:: Your instructions ::
Wherever the line that contains "Nassau, Bahamas, Pirate" falls, repeat it and the lines after it exactly until the records end, without any pictures.

Records from a dataset
----
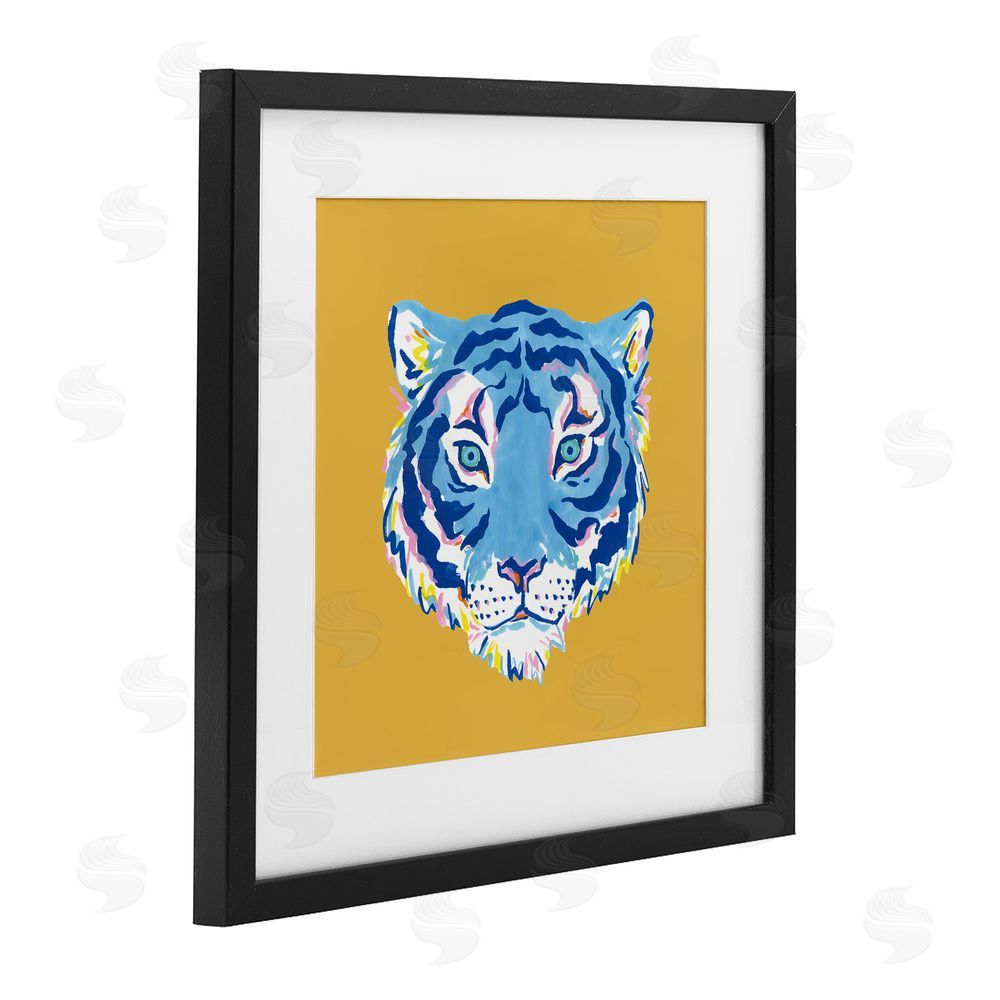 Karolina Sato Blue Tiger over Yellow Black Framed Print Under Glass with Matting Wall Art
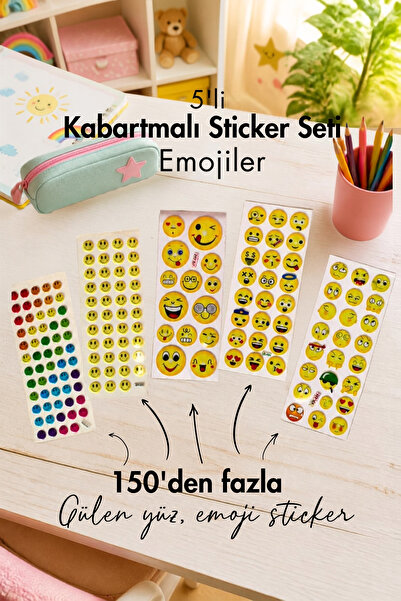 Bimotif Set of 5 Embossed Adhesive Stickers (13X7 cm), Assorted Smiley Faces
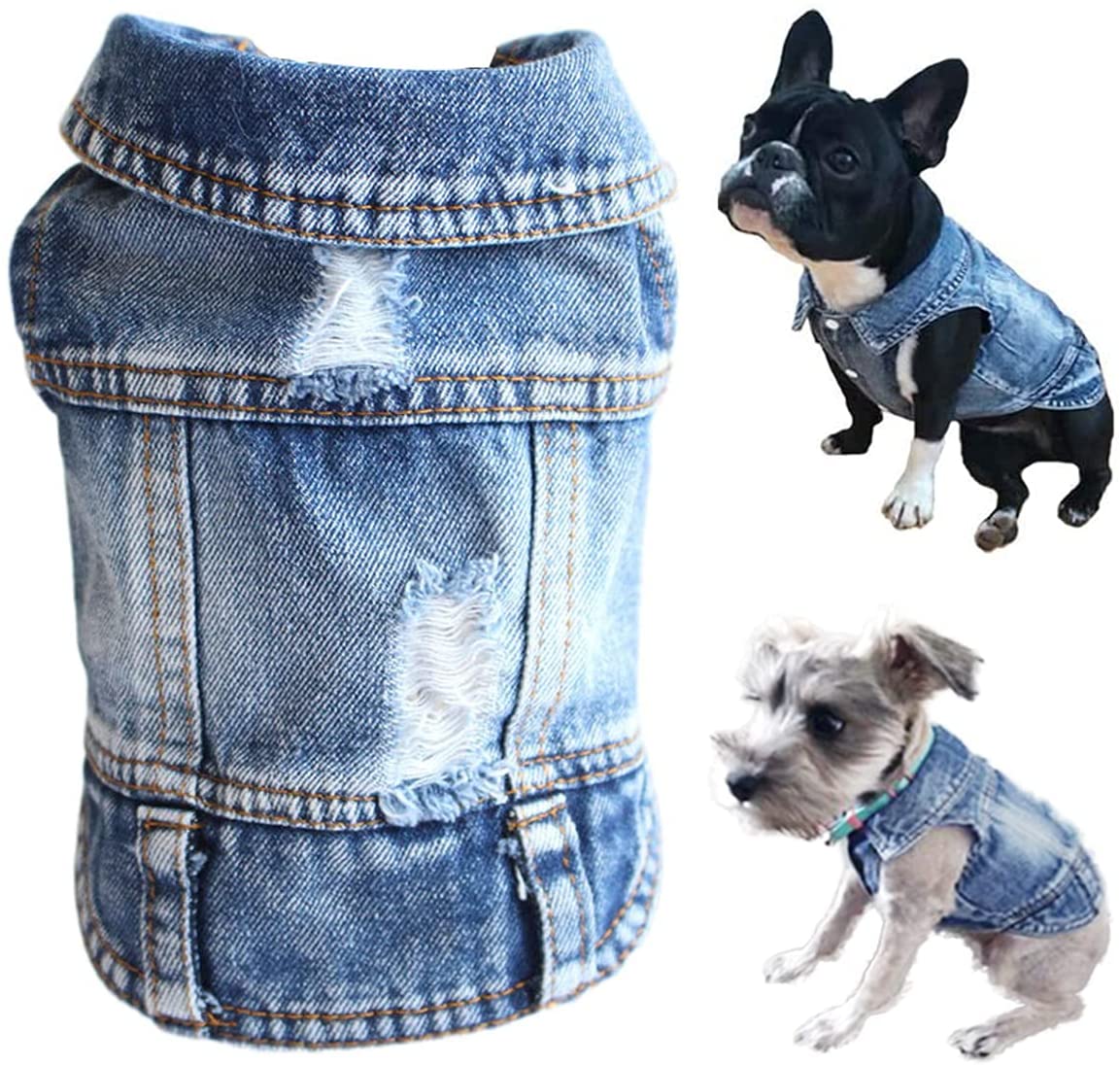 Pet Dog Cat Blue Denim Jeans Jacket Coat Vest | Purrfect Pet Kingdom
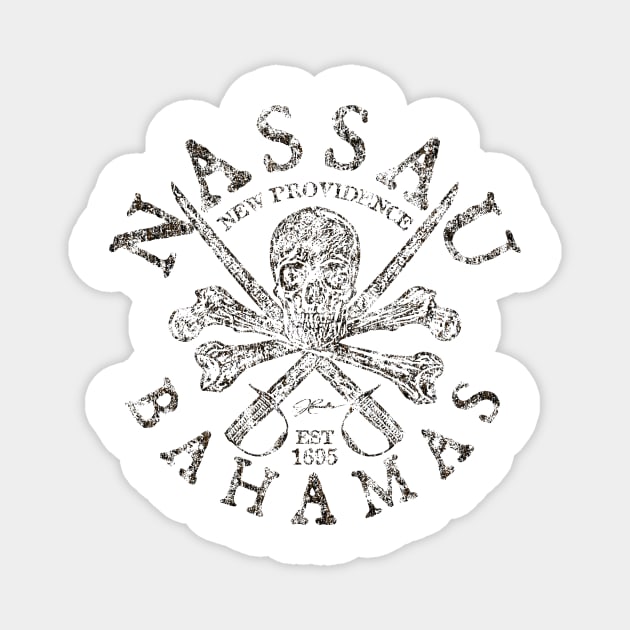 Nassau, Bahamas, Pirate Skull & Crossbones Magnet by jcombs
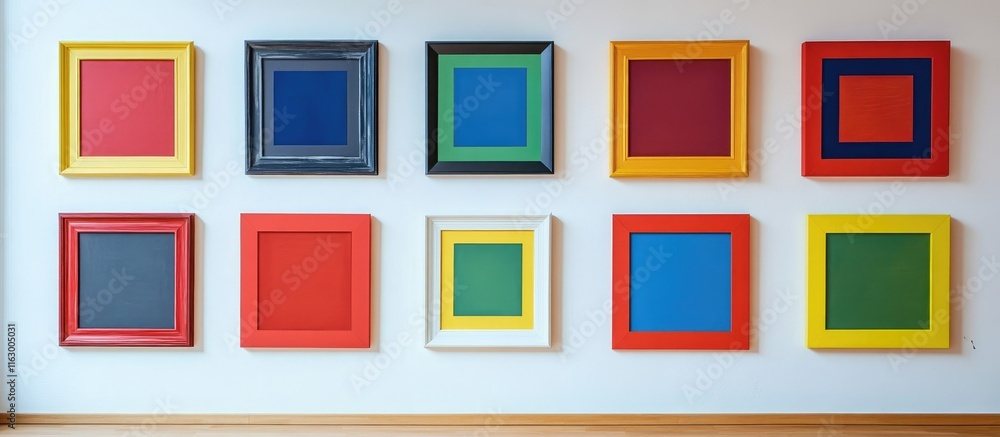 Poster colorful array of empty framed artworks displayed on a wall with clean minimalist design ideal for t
----
:: Answer for this exercise ::
 Nassau, Bahamas, Pirate Skull & Crossbones Magnet by jcombs
 Poster colorful array of empty framed artworks displayed on a wall with clean minimalist design ideal for t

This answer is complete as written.